— Task to complete —
Exclude all pictures from your copy of the data below, which should otherwise match exactly.

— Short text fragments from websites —
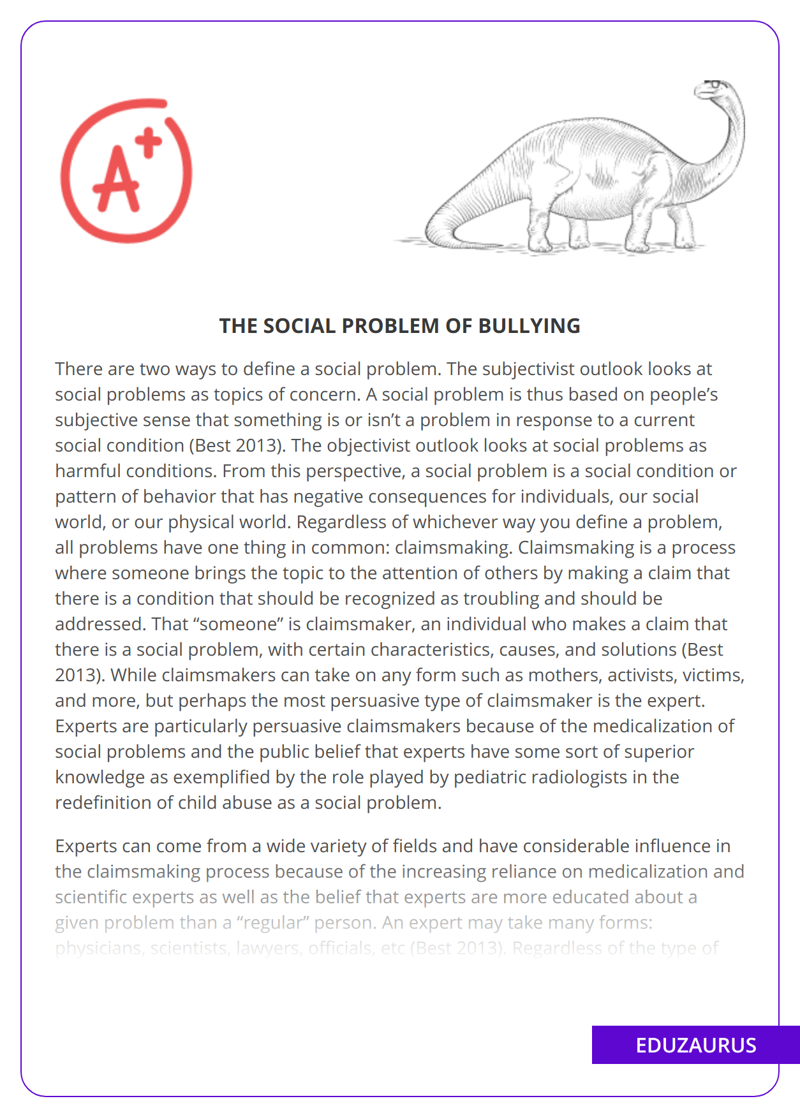 The Social Problem Of Bullying
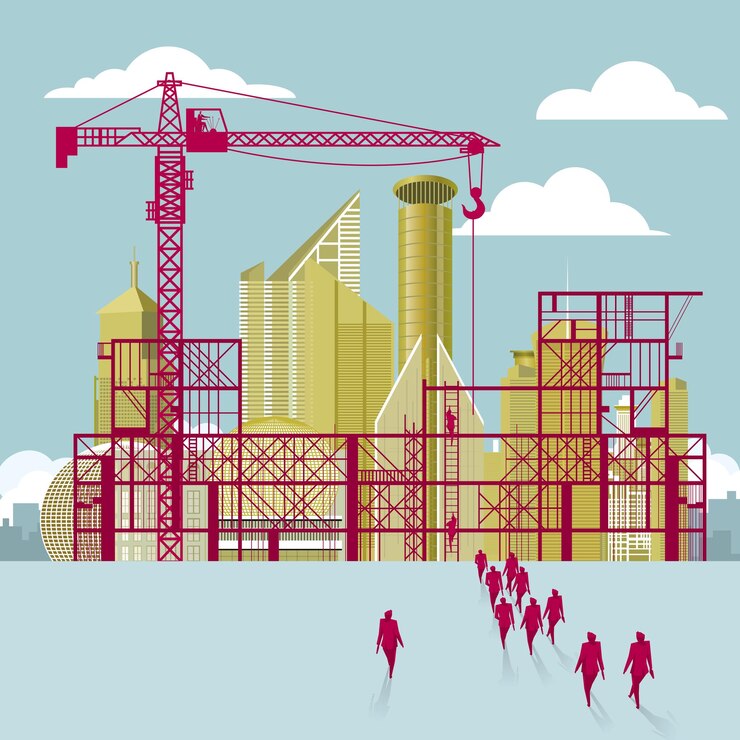 Vector housing construction.a group of businessmen walked to the building site.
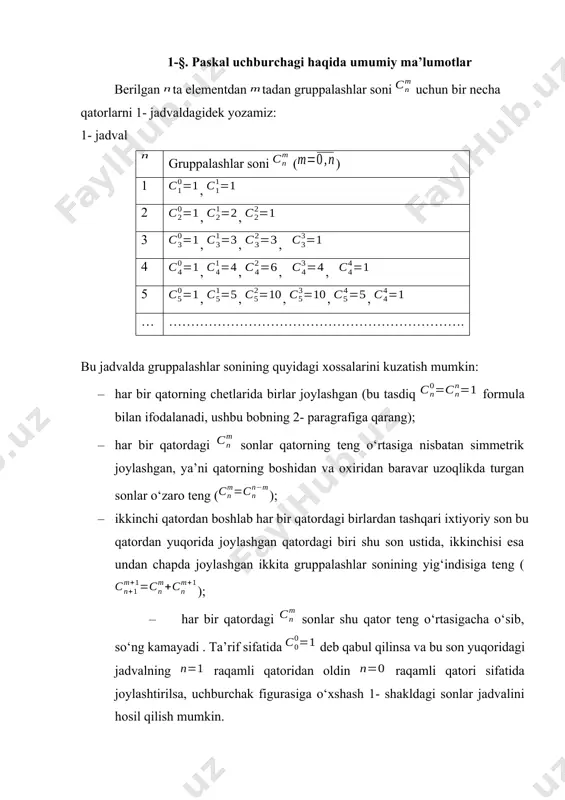 dining bikvadrati (ya’ni to‘rtinchi darajasi) va yig‘indining beshinchi darajasi formulalariga ega bo‘lamiz. yuqorida keltirilgan yig‘indining kvadrati, kubi, bikvadrati va beshinchi darajasi formulalari o‘ng tomonlaridagi ko‘phad koeffitsientlari paskal uchburchagining mos qatorlaridagi () sonlar ekanligini payqash qiyin emas. 1- teorema. barcha haqiqiy va hamda natural sonlar uchun formula o‘rinlidir. isboti. matematik induksiya usulini qo‘llaymiz. baza: bo‘lganda formula to‘g‘ri: . induksion o‘tish: isbotlanishi kerak bo‘lgan formula uchun to‘g‘ri bo‘lsin, ya’ni . formula bo‘lganda ham to‘g‘ri ekanligini isbotlaymiz. haqiqatdan ham, formuladan foydalanib, quyidagilarni hosil qilamiz: . ixtiyoriy va haqiqiy sonlar hamda natural son uchun ifodaning ko‘phad shaklidagi yoyilmasi (tasvirlanishi) nyuton binomi deb ataladi. umuman olganda, “nyuton binomi” iborasiga tanqidiy nuqtai nazardan yondoshilsa, undagi ikkala so‘zga nisbatan ham shubha tug‘iladi: birinchidan, ifoda birdan katta natural sonlar uchun binom (ya’ni ikkihad) emas; ikkinchidan, natural sonlar uchun bu ifodaning yoyilmasi nyutongacha ma’lum edi. greklar ifodaning qatorga yoyilmasini ning faqat bo‘lgan holida (ya’ni, yig‘indi kvadratining formulasini) bilar edilar. …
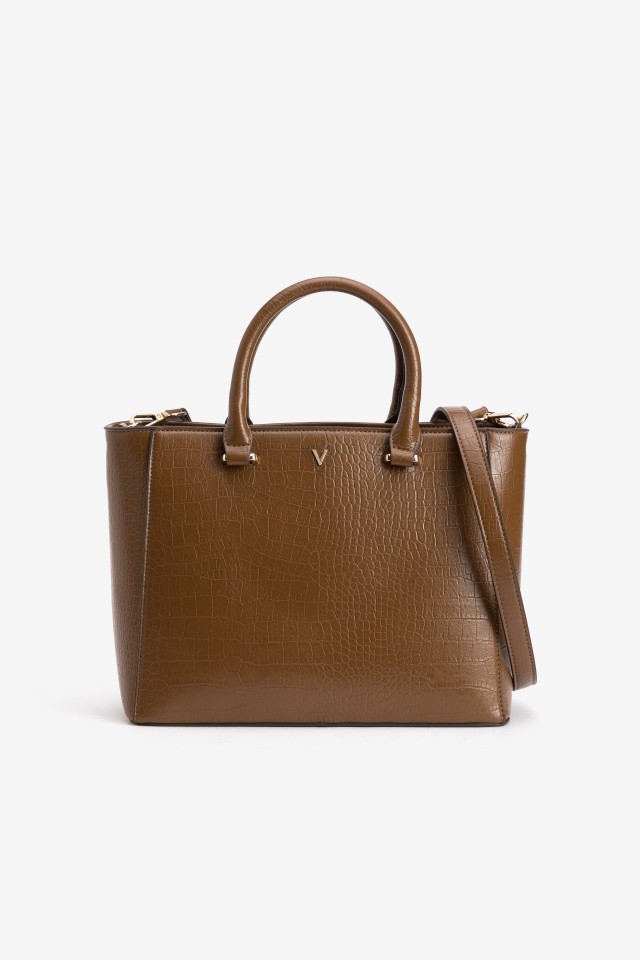 Brown Croc-Effect Handbag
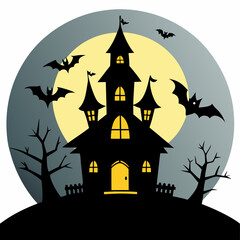 Halloween Haunted House - Silhouette of a spooky haunted house with bats flying overhead
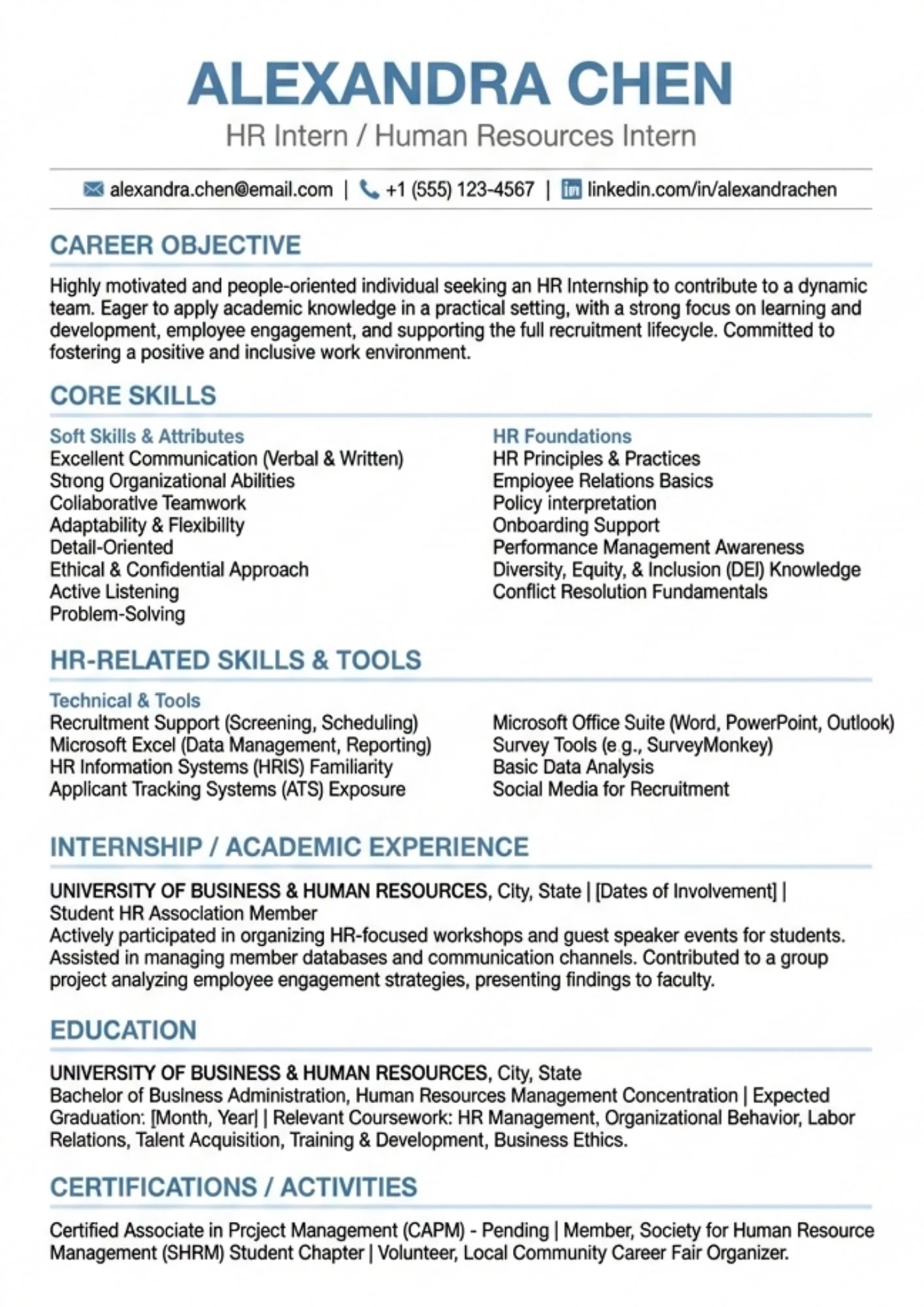 Mẫu CV cho ứng viên ngành Nhân sự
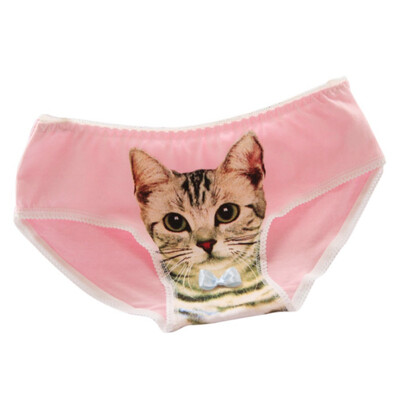 

New Fashion Lady Cotton 3D Cat Print Bow Briefs F4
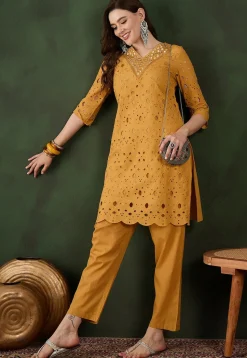 Schiffli Embroidered Cotton Scalloped Straight Kurta Set in Mustard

— Task solution —
 The Social Problem Of Bullying
 Vector housing construction.a group of businessmen walked to the building site.
 dining bikvadrati (ya’ni to‘rtinchi darajasi) va yig‘indining beshinchi darajasi formulalariga ega bo‘lamiz. yuqorida keltirilgan yig‘indining kvadrati, kubi, bikvadrati va beshinchi darajasi formulalari o‘ng tomonlaridagi ko‘phad koeffitsientlari paskal uchburchagining mos qatorlaridagi () sonlar ekanligini payqash qiyin emas. 1- teorema. barcha haqiqiy va hamda natural sonlar uchun formula o‘rinlidir. isboti. matematik induksiya usulini qo‘llaymiz. baza: bo‘lganda formula to‘g‘ri: . induksion o‘tish: isbotlanishi kerak bo‘lgan formula uchun to‘g‘ri bo‘lsin, ya’ni . formula bo‘lganda ham to‘g‘ri ekanligini isbotlaymiz. haqiqatdan ham, formuladan foydalanib, quyidagilarni hosil qilamiz: . ixtiyoriy va haqiqiy sonlar hamda natural son uchun ifodaning ko‘phad shaklidagi yoyilmasi (tasvirlanishi) nyuton binomi deb ataladi. umuman olganda, “nyuton binomi” iborasiga tanqidiy nuqtai nazardan yondoshilsa, undagi ikkala so‘zga nisbatan ham shubha tug‘iladi: birinchidan, ifoda birdan katta natural sonlar uchun binom (ya’ni ikkihad) emas; ikkinchidan, natural sonlar uchun bu ifodaning yoyilmasi nyutongacha ma’lum edi. greklar ifodaning qatorga yoyilmasini ning faqat bo‘lgan holida (ya’ni, yig‘indi kvadratining formulasini) bilar edilar. …
 Brown Croc-Effect Handbag
 Halloween Haunted House - Silhouette of a spooky haunted house with bats flying overhead
 Mẫu CV cho ứng viên ngành Nhân sự

New Fashion Lady Cotton 3D Cat Print Bow Briefs F4
 Schiffli Embroidered Cotton Scalloped Straight Kurta Set in Mustard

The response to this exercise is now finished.